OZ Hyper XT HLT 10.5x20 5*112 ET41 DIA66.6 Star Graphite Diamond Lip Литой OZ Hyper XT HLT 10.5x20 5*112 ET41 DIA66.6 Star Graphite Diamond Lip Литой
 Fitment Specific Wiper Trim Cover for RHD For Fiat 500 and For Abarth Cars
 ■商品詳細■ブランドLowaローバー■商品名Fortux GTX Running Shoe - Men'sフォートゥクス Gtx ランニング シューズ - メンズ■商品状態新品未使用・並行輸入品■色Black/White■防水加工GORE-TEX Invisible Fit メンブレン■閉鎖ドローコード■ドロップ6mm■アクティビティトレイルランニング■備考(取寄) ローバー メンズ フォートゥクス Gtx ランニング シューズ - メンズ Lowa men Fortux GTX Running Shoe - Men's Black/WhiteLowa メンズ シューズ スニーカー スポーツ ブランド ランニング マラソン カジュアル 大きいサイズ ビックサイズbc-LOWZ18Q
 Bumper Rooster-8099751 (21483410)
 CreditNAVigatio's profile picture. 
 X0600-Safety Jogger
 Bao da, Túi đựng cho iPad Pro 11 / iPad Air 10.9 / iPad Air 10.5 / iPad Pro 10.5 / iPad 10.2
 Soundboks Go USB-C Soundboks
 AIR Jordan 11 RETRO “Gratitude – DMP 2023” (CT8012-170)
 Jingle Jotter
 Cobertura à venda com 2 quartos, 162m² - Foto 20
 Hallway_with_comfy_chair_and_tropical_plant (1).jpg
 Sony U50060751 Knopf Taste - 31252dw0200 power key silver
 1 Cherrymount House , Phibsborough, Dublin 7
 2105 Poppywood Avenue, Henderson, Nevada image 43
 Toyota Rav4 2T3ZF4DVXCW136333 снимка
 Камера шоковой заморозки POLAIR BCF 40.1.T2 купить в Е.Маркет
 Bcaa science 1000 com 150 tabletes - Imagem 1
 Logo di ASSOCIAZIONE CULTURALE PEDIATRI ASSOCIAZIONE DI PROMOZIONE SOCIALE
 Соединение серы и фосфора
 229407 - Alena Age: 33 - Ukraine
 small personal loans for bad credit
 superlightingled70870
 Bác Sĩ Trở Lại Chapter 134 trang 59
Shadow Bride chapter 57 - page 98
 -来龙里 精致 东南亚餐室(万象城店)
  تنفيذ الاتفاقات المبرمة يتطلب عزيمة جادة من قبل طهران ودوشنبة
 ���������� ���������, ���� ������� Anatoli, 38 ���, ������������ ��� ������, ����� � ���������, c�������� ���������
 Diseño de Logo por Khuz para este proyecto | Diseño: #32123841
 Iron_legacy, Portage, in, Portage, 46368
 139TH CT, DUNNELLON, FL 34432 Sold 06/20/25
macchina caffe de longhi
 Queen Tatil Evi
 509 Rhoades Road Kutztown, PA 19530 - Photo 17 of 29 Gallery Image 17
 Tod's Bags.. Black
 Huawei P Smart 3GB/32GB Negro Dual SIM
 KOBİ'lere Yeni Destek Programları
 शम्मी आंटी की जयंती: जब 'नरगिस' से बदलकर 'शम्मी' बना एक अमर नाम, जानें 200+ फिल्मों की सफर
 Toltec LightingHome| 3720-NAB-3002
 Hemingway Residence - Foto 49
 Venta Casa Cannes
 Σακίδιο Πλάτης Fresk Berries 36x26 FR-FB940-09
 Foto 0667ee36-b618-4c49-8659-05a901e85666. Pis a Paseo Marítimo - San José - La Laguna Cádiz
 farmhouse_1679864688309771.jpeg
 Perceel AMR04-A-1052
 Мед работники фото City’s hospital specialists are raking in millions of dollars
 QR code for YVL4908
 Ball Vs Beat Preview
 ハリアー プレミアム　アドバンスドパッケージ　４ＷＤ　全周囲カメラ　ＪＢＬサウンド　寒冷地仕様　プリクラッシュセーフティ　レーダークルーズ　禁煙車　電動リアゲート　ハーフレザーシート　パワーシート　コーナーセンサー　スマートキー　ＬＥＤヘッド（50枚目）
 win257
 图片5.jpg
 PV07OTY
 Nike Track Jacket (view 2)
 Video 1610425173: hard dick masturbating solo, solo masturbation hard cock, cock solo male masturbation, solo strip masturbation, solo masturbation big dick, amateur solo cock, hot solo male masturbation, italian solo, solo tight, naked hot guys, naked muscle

### What to do
Since only part of the listing is wanted, copy exactly the lines from the one holding "Logo di ASSOCIAZIONE" to the one holding "Nike Track Jacket (view 2)", both included.

### Expected answer
 Logo di ASSOCIAZIONE CULTURALE PEDIATRI ASSOCIAZIONE DI PROMOZIONE SOCIALE
 Соединение серы и фосфора
 229407 - Alena Age: 33 - Ukraine
 small personal loans for bad credit
 superlightingled70870
 Bác Sĩ Trở Lại Chapter 134 trang 59
Shadow Bride chapter 57 - page 98
 -来龙里 精致 东南亚餐室(万象城店)
  تنفيذ الاتفاقات المبرمة يتطلب عزيمة جادة من قبل طهران ودوشنبة
 ���������� ���������, ���� ������� Anatoli, 38 ���, ������������ ��� ������, ����� � ���������, c�������� ���������
 Diseño de Logo por Khuz para este proyecto | Diseño: #32123841
 Iron_legacy, Portage, in, Portage, 46368
 139TH CT, DUNNELLON, FL 34432 Sold 06/20/25
macchina caffe de longhi
 Queen Tatil Evi
 509 Rhoades Road Kutztown, PA 19530 - Photo 17 of 29 Gallery Image 17
 Tod's Bags.. Black
 Huawei P Smart 3GB/32GB Negro Dual SIM
 KOBİ'lere Yeni Destek Programları
 शम्मी आंटी की जयंती: जब 'नरगिस' से बदलकर 'शम्मी' बना एक अमर नाम, जानें 200+ फिल्मों की सफर
 Toltec LightingHome| 3720-NAB-3002
 Hemingway Residence - Foto 49
 Venta Casa Cannes
 Σακίδιο Πλάτης Fresk Berries 36x26 FR-FB940-09
 Foto 0667ee36-b618-4c49-8659-05a901e85666. Pis a Paseo Marítimo - San José - La Laguna Cádiz
 farmhouse_1679864688309771.jpeg
 Perceel AMR04-A-1052
 Мед работники фото City’s hospital specialists are raking in millions of dollars
 QR code for YVL4908
 Ball Vs Beat Preview
 ハリアー プレミアム　アドバンスドパッケージ　４ＷＤ　全周囲カメラ　ＪＢＬサウンド　寒冷地仕様　プリクラッシュセーフティ　レーダークルーズ　禁煙車　電動リアゲート　ハーフレザーシート　パワーシート　コーナーセンサー　スマートキー　ＬＥＤヘッド（50枚目）
 win257
 图片5.jpg
 PV07OTY
 Nike Track Jacket (view 2)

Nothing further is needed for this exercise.